While these are the types of insurance recommended for all drivers, there are several other types of auto insurance, which you may want if you desire more comprehensive coverage.
Be informed. Check out Types of Auto Insurance and What They Mean.
Picking a Deductible That Is Right for You
The next thing you have to figure out is what deductible is right for you.
A deductible is an amount the driver is required to pay upfront before the insurance coverage kicks in.
For example, if you have a $1,000 deductible and your repairs cost $7,000, your insurance company will give you $6,000.
You get to choose the deductible when you purchase auto insurance; however, deductible rates can vary greatly.
According to Car and Driver, “Generally, drivers tend to have average deductibles of $500. Common deductible amounts also include $250, $1000, and $2000.”
The higher your deductible, the lower your premium.
MoneyGeek reviewed costs for an average 100/300/100 comprehensive and collision auto policy with different deductible amounts and found that “with a $1000 deductible, the driver would pay about $1348 compared to $1456 per year for a similar driver who chose a $500 deductible.”
Only having to pay a $500 deductible sounds appealing, but the monthly costs may add up.
Then again, the amount you save paying a higher deductible may not be worth it.
As WalletHub explains, “Picking a $1,000 deductible over $500 would save you $40 each month. […] Increasing the deductible lowers the premium.
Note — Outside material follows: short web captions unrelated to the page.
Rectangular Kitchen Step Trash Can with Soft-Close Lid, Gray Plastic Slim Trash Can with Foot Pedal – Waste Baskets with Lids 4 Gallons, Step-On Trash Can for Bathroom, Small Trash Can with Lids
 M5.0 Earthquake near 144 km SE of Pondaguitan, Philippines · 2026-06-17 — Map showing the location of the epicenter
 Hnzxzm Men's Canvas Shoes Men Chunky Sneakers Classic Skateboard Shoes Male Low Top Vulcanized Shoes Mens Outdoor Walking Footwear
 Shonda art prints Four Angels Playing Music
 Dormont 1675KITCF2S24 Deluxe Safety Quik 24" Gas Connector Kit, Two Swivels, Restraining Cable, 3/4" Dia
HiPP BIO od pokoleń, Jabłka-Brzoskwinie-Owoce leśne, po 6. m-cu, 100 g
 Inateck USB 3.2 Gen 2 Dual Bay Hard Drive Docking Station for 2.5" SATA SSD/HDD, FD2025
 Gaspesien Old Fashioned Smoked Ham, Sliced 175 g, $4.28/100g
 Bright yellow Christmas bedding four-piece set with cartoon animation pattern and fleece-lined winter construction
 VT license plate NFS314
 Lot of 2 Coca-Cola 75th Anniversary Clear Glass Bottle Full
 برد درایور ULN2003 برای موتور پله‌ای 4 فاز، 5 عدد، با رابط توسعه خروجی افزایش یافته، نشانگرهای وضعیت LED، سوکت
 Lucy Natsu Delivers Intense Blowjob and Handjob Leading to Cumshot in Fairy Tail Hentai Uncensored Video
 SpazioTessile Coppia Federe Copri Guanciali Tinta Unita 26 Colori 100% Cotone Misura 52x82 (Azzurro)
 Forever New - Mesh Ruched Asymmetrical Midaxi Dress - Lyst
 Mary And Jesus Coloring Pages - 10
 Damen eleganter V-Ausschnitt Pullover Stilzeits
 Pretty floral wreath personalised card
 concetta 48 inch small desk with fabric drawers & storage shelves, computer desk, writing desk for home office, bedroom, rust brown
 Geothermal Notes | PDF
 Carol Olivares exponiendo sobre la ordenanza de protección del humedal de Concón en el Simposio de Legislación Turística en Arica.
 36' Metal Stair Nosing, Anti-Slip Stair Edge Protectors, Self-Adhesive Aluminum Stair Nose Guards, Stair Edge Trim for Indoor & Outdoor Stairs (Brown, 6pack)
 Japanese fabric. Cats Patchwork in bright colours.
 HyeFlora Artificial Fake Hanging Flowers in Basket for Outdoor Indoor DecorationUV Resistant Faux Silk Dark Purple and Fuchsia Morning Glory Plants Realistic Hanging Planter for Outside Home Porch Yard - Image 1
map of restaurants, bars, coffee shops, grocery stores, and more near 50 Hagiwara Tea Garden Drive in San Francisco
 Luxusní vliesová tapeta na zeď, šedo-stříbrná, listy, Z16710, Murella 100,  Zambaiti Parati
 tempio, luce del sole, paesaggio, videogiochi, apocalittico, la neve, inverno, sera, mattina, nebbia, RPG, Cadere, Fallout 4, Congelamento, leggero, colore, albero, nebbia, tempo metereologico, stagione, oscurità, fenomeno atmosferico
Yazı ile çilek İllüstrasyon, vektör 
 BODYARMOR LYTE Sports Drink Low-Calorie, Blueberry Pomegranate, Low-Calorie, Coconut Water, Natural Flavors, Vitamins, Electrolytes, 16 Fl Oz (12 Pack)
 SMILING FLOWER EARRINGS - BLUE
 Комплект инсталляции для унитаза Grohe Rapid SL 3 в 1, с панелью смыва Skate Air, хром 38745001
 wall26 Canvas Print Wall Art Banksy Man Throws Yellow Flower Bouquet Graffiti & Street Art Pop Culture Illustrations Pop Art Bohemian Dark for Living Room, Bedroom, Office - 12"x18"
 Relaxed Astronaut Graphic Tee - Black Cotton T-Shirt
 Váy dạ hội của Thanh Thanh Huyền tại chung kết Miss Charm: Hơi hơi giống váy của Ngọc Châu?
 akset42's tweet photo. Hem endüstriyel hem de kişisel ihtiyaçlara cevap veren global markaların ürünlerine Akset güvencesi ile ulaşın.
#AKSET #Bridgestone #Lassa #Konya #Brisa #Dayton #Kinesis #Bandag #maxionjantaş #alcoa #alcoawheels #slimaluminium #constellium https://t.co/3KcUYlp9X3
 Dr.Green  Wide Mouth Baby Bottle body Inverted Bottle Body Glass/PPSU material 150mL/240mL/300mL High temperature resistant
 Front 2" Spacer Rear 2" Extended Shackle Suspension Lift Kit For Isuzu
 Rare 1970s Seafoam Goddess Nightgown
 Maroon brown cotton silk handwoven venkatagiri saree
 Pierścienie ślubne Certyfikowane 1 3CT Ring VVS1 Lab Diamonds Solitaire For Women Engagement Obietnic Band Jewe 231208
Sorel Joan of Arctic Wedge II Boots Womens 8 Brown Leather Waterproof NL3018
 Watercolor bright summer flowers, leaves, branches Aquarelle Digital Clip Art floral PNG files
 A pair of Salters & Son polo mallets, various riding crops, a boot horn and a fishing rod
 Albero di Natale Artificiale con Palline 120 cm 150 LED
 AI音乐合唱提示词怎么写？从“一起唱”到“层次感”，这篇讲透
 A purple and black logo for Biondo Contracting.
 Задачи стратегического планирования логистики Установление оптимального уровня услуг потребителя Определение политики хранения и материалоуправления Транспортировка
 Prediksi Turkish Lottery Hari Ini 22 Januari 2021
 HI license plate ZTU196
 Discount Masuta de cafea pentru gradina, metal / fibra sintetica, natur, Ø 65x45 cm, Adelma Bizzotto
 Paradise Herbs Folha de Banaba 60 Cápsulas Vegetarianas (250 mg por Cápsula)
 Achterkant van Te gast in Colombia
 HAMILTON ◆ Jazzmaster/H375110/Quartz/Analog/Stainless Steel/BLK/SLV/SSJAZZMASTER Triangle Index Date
But notice how little you would be saving by jumping from a $1,000 to $2,000 deductible—just 6%.”
Take Everything into Account and Make the Right Decision
How much auto insurance do you need?
Use this information to make the decision that is right for you:
- Consider your state’s minimum auto insurance requirements. Ask yourself if this amount is enough.
- Research the different types of auto insurance. Besides the required auto insurances, are there other types of coverage that would make you feel safer
- Weigh the costs of deductibles. How much can you afford? Do you have cash currently saved to cover the deductible amount?
Finally, once you have taken all this into account, shop around! Don’t simply settle for the first insurance company you get a quote from.
Get quotes from multiple insurance companies to get the best coverage at the best rate.
Even if you already have auto insurance, it is still wise to shop around. What was a great rate when you signed up with them may no longer be the best rate you can get.